Linux perf tools (some time ago named perf_events) has several builtin universal software events. Two most basic of them are: task-clock and cpu_clock (internally called PERF_COUNT_SW_CPU_CLOCK and PERF_COUNT_SW_TASK_CLOCK). But what is wrong with them is lack of description.

ysdx user reports that man perf_event_open has short description:

    PERF_COUNT_SW_CPU_CLOCK
          This reports the CPU clock, a high-resolution per-
          CPU timer.

    PERF_COUNT_SW_TASK_CLOCK
          This reports a clock count specific to the task
          that is running.

But the description is hard to understand.

Can somebody give authoritative answer about how and when the task-clock and cpu-clock events are accounted?

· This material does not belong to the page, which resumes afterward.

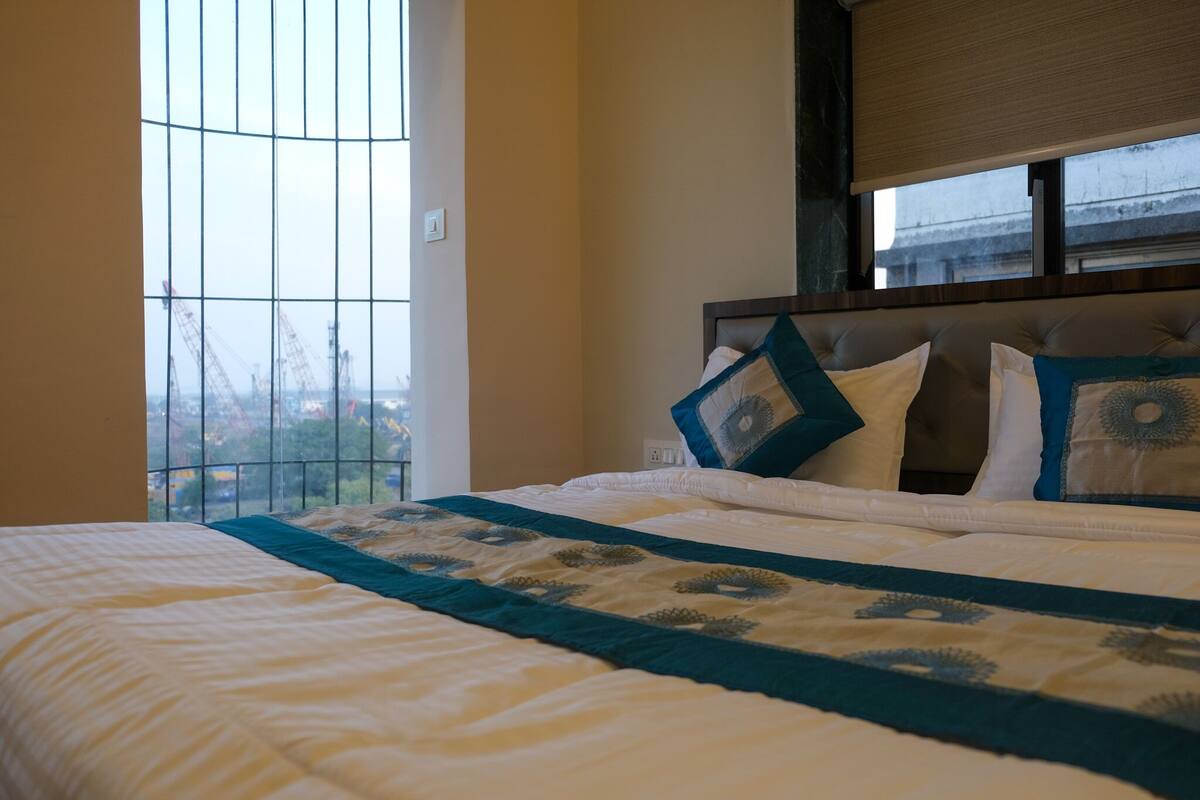 A hotel room with a large bed, a window with a view of construction cranes, and a headboard with decorative pillows.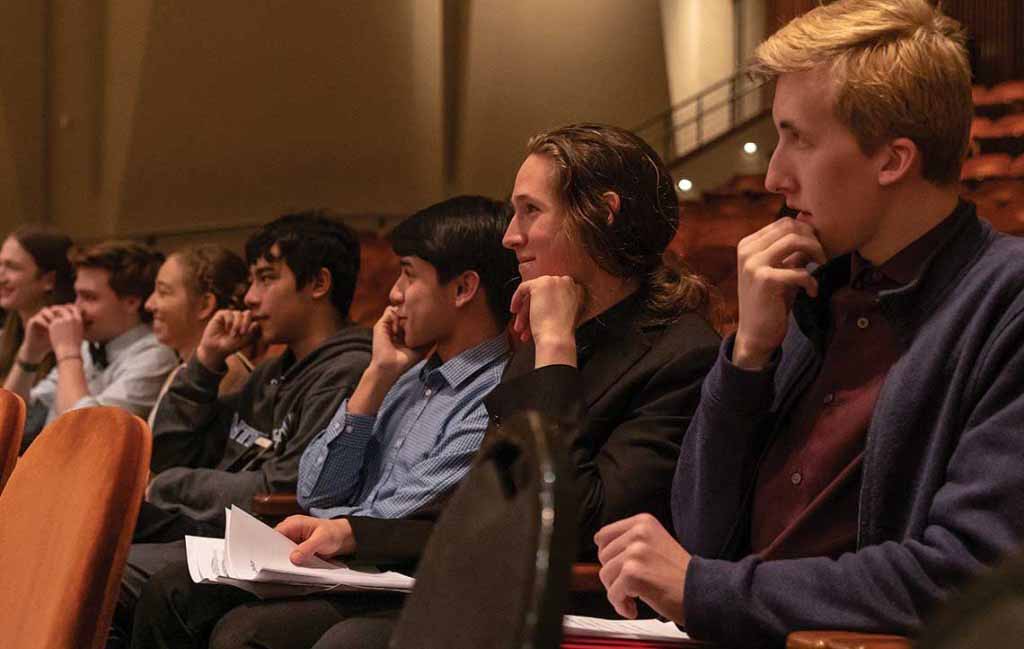 Seven young people - five male and two female are sat in a music auditorium. They are looking in the same direction as if it were a lecture. The five males all have their right hand to their face and all the individuals are smiling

How does they relate to the linux kernel scheduler?

When task-clock and cpu-clock will give different values? Which one should I use?

Community
  • 1
  • 1
osgx
  • 90,338
  • 53
  • 357
  • 513
  • 4
    Frederic Weisbecker [supposed](https://lkml.org/lkml/2010/11/3/373) in LKML in 2010 that: "*cpu-clock is based on the total time spent on the cpu. task-clock is based only on the time spent on the profiled task, so that doesn't count time spent on other tasks, it has a per thread granularity*", and noted that he "*might be somehow wrong in .. explanation*". And Peter Zijlstra [says](https://lkml.org/lkml/2010/11/30/476) that "*it actually makes sense to count both cpu and task clock on a task (cpu clock basically being wall-time).*" – osgx May 31 '14 at 00:59
  • 5
    Source file for both events: `kernel/events/core.c`, ["*Software event: cpu wall time clock*" (line 6092, `cpu_clock_event_*`)](http://lxr.free-electrons.com/source/kernel/events/core.c?v=3.13#L6092) for cpu-clock (`pmu perf_cpu_clock`), and ["*Software event: task time clock*" (line 6168, `task_clock_event_*`)](http://lxr.free-electrons.com/source/kernel/events/core.c?v=3.13#L6168) for task-clock (`pmu perf_task_clock`). Both are based on hrtimers, but update function is different: `cpu_clock_event_update` uses `local_clock` and `task_clock_event_update` uses `event->ctx->time`.... – osgx May 31 '14 at 01:51
  • 4
    [Robert Haas, "perf: the good, the bad, the ugly", 2012](http://rhaas.blogspot.com/2012/06/perf-good-bad-ugly.html):"*But perf also includes software events like cpu-clock and task-clock that have no meaning apart from the Linux kernel, and there's no documentation about what those mean. I get approximately equivalent results from profiling with the default event, cycles, with task-clock, and with cpu-clock,... no explanation anywhere what the difference is. For perf to be broadly useful,.. it needs documentation explaining what all of these events are, and how to make effective use of them.*" – osgx May 31 '14 at 01:54
  • For me the description look likes the cpu clock is maybe the amount of jiffies from OS start time. And the task clock is maybe the jiffies since task start. Please check man page proc(5) and search for starttime in it. Maybe https://stackoverflow.com/a/44524937/1950345 can give you more information. – reichhart Jun 24 '17 at 02:16
  • @reichhart, perf uses difference between values, not the absolute values. Did you even used perf record or perf stat? Your comment is probably not related to the question: in perf code cpu clock is `local_clock()` and task clock is `perf_clock()` and some hrtimer. – osgx Jun 24 '17 at 13:10
  • OK, then it is not "start time" but a different point in time. Actually everything is relative. ;-) And within this period of time cpu-clock is total cpu time and task-clock only of the task. Actually it was your first comment that made me think of this. :-) – reichhart Jun 24 '17 at 17:03
  • @reichhart, when we perf-record (or perf-stat) some task, all perf counters are counted only when task is running on CPU. So it may be reasonable to expect that task-clock and cpu-clock will tick for the (almost) same time in process profiling. Probably there is some difference in perf-record (or perf-stat) in system-wide mode (-a option), but at any time there is some task on the CPU (PID 0 when it is idle, something strange when CPU core/chip is offline). – osgx Jun 25 '17 at 00:13
  • did you ever get to the bottom of this? – jberryman Feb 06 '19 at 03:48

3 Answers3

11

1) By default, perf stat shows task-clock, and does not show cpu-clock. Therefore we can tell task-clock was expected to be much more useful.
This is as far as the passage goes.